Si l’on regarde l’activité de chaque type d’établissement, on notera que plus d’un tiers de l’activité des CLCC concerne le cancer du sein (37,2%), suivi des cancers digestifs (16,3%), respiratoires (11,8%) et des organes génitaux féminins (9,7%).
L’hématologie, prise en charge très majoritairement dans le public, représente 21,9% de l’activité de cancérologie des CHU/CHR et 20,9% de celle des CH.
Dans ces établissements publics, les cancers digestifs viennent en tête (28,4% de l’activité de cancérologie des CH et 23% des CHU). Les cancers thoraciques représentent 15,4% de l’activité oncologique des CH et 12,6% de celle des CHU et le cancer du sein respectivement 13,8% et 10,4%. Suivent les cancers des organes génitaux masculins, des organes génitaux féminins et des voies urinaires.

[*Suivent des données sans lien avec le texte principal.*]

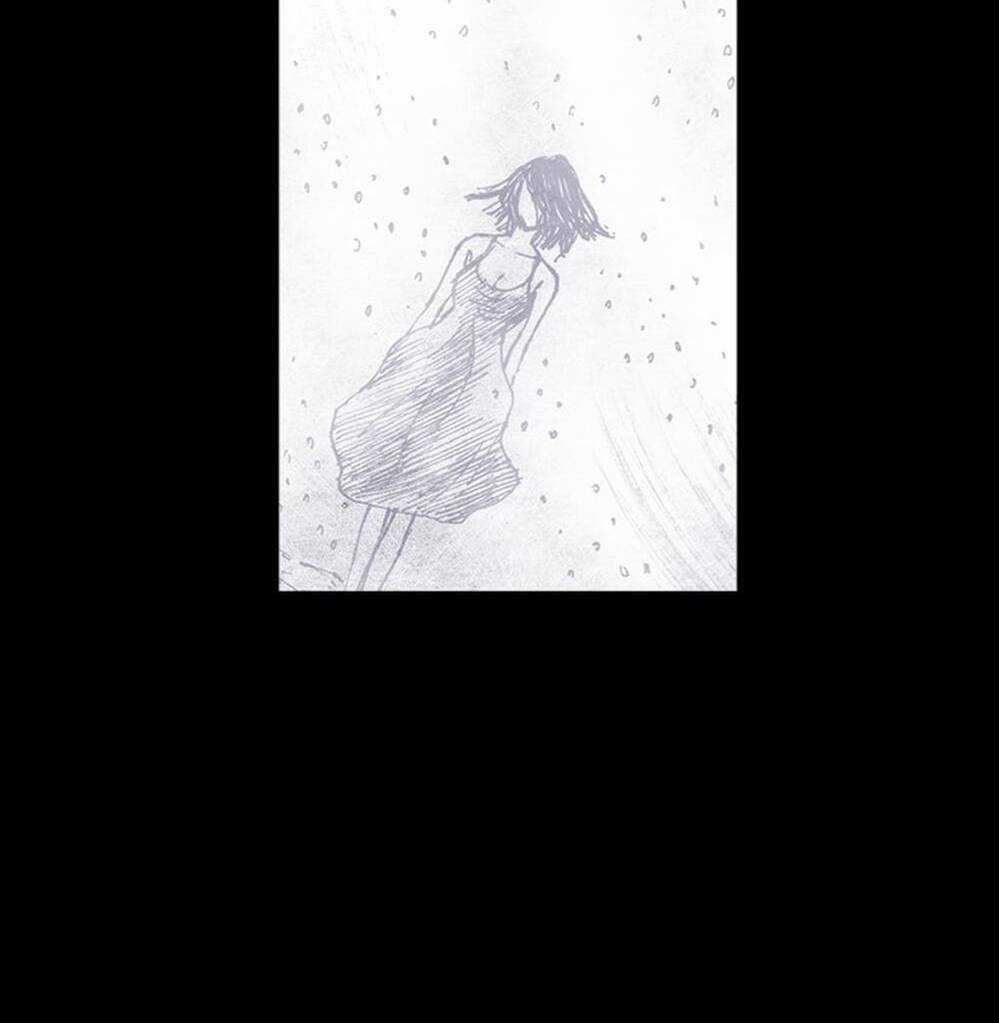 Distant Sky - Chapter 54 - Trang 13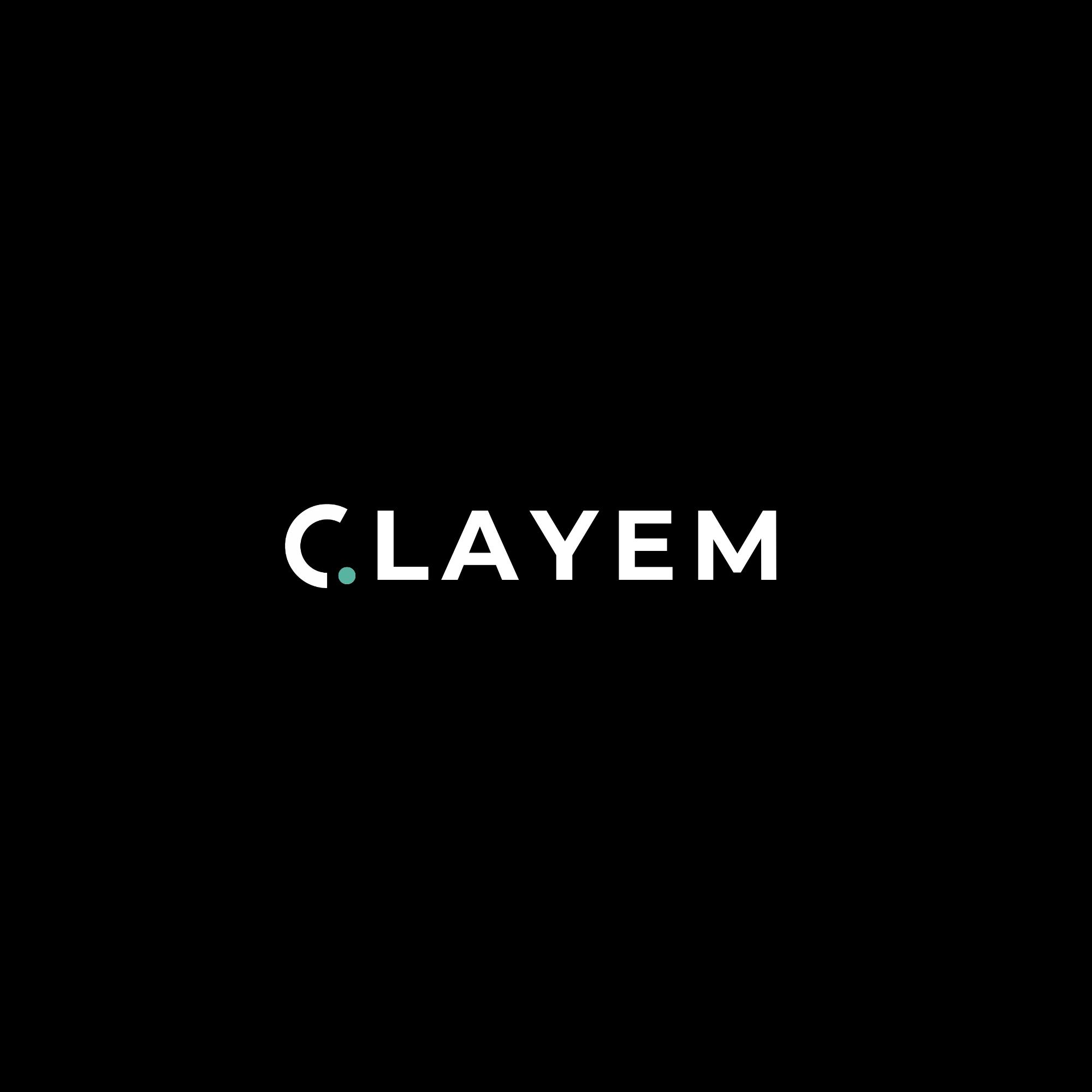 Why we built Clayem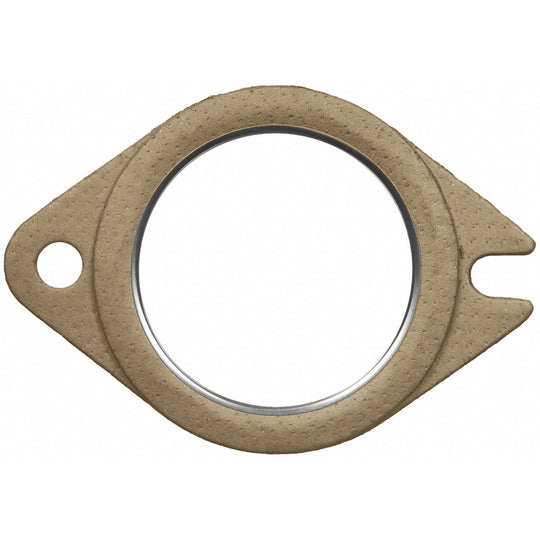 60309 Exhaust Pipe Flange Gasket Felpro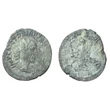 Kép 1/2 - Traianus Decius Antoninianus, római ezüst érme – Kr.u. 249-251, RIC 28b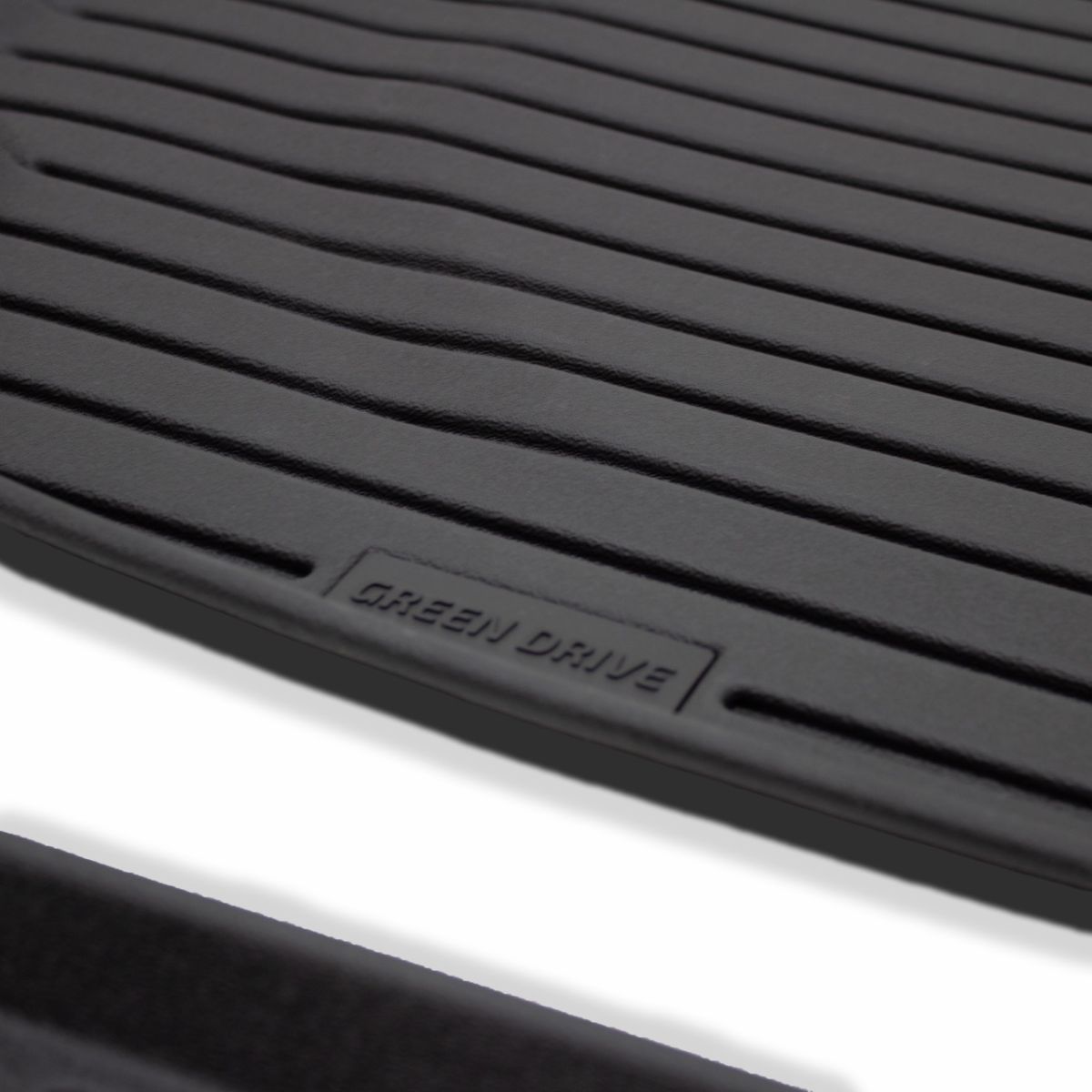 Tesla Προσαρμοσμένα και εκπαιδευμένα 3D ματ - Model Y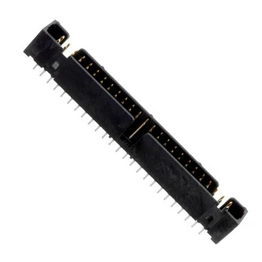 D2550-6002-AR 3M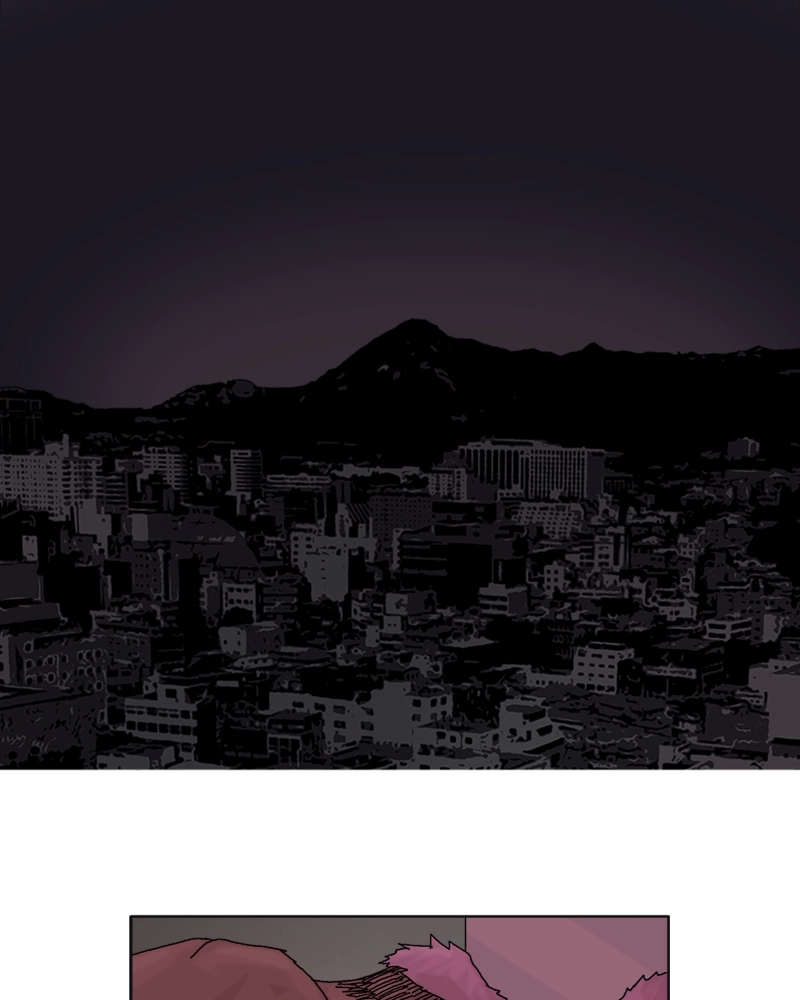 Read Machine Uprising chapter 23 image 44 on Lezhin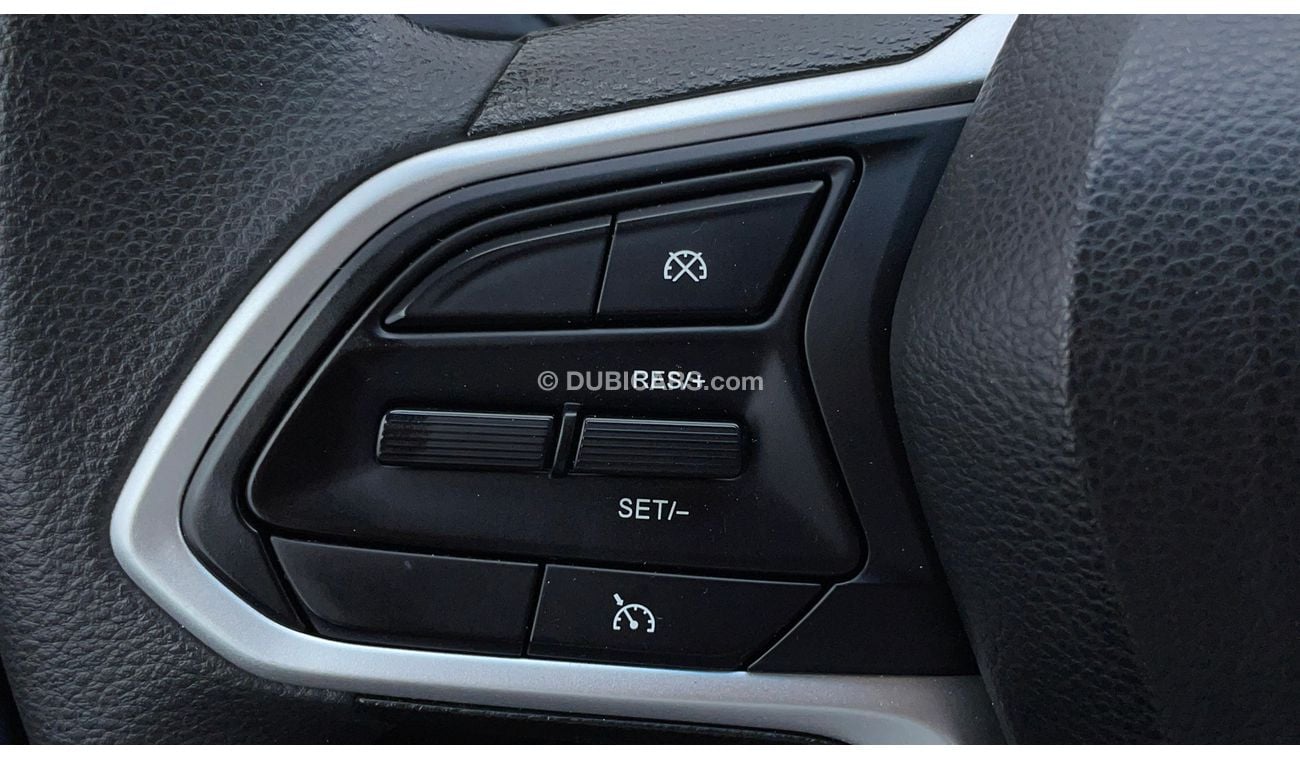 Chevrolet Captiva LS 1.5 | Zero Down Payment | Free Home Test Drive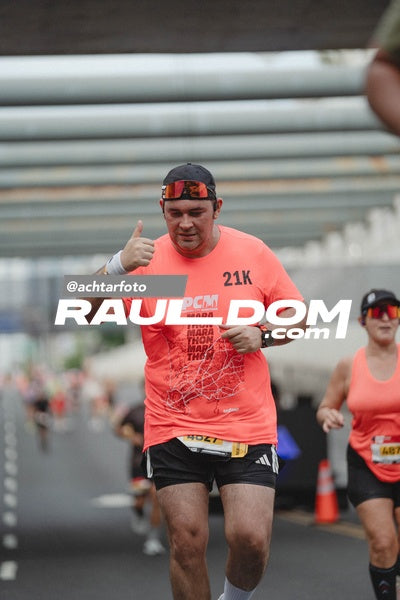 PanamaCityMarathon-achtarfoto-105858.jpg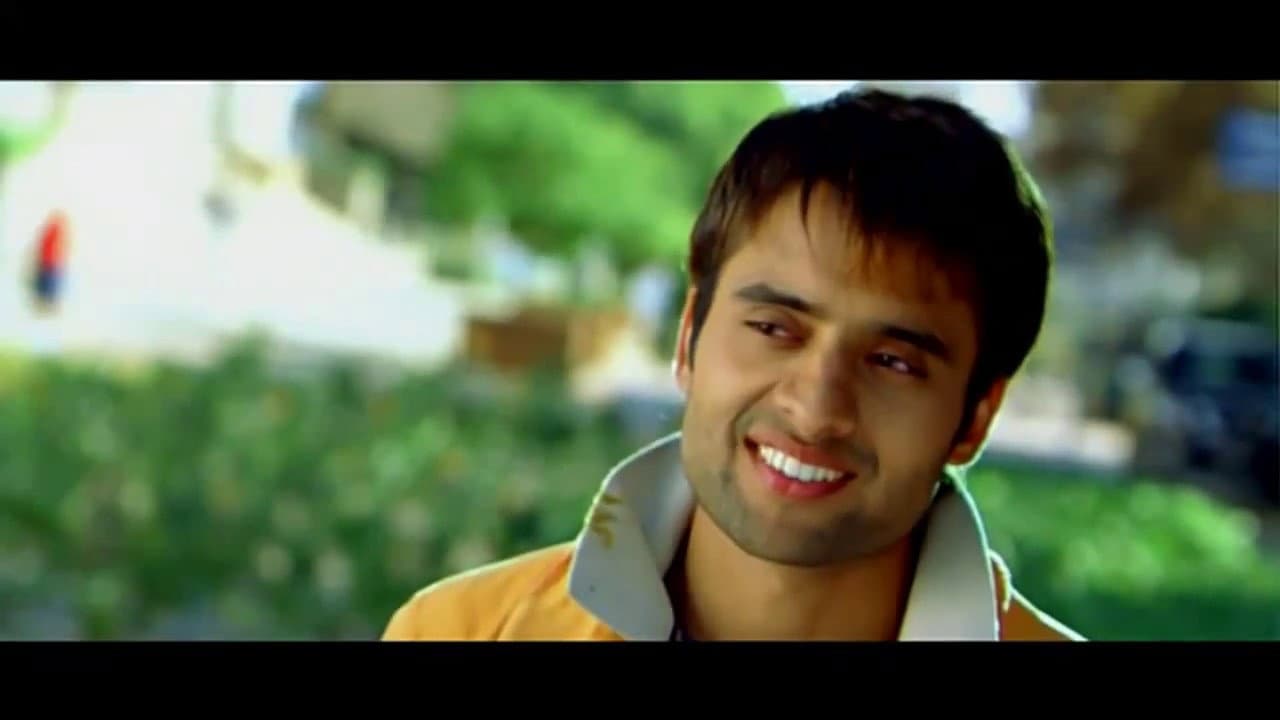 Jacky Bhagnani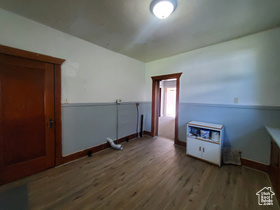 Photo 6 for 309 S 9th St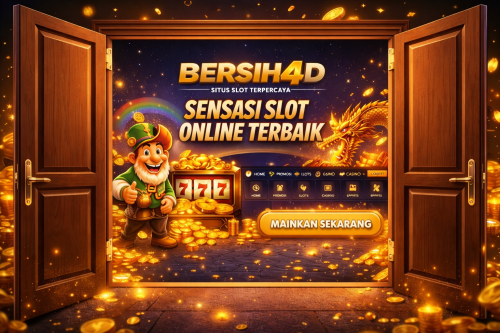dbe28cef-eb9e-4862-b515-22fb60fb45d7.png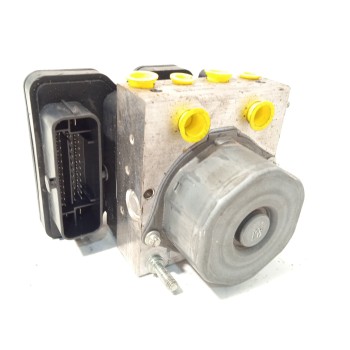 Recambio de abs para dacia sandero stepway referencia OEM IAM 476603249R 2265106455 269707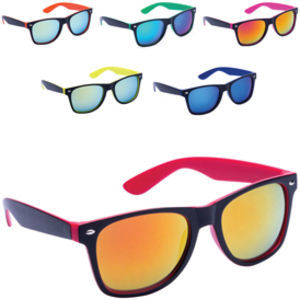 Sunglasses Gredel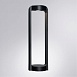 Ландшафтный светильник Arte Lamp SUHAIL A1646PA-1BK - фото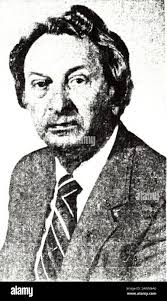 Austin springs hi-res stock photography and images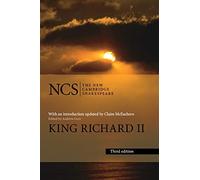 King Richard ll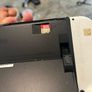 Nintendo Switch OLED Totk Image 5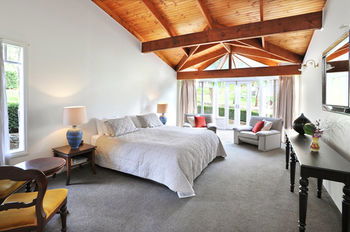 Araluen Villas - Accommodation Mt Buller 9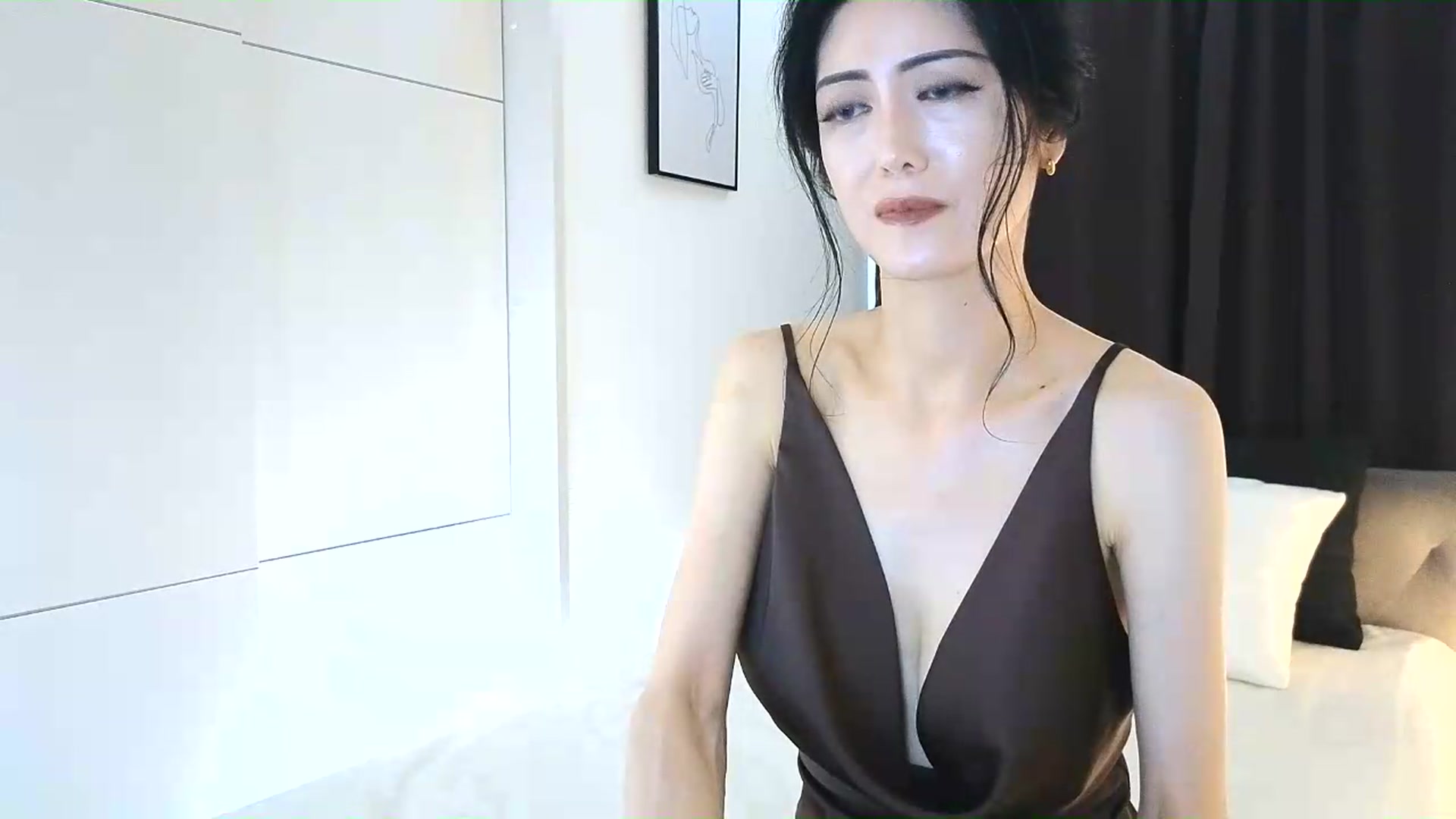 Gallery image thumbnail from Eleah's myfreecams stream on, 06/11/2026, 22:59 image 6 of 20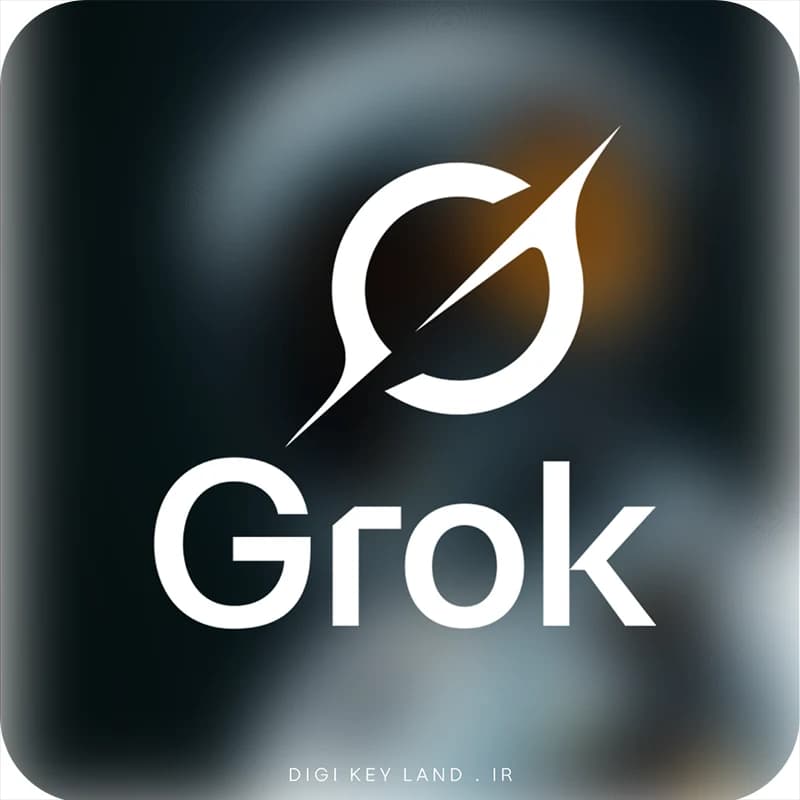 اکانت هوش مصنوعی گراک – Grok AI — تصویر ۲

Les cancers digestifs viennent aussi en tête dans les cliniques (30,1% de leur activité de cancérologie) et les Espic autres que les CLCC (29,6%). Derrière les cancers digestifs, dans les cliniques les principales localisations sont la peau (14,5%), le sein (14%), les organes génitaux masculins (11,2%) (à noter que pour les cliniques, dans 16,7% des cas, la localisation n’était pas renseignée dans la base de données). Dans les Espic, ce sont les cancers du poumon (14,1%), du sein (13,2%), des organes génitaux masculins et hématologiques (10,7% chacun).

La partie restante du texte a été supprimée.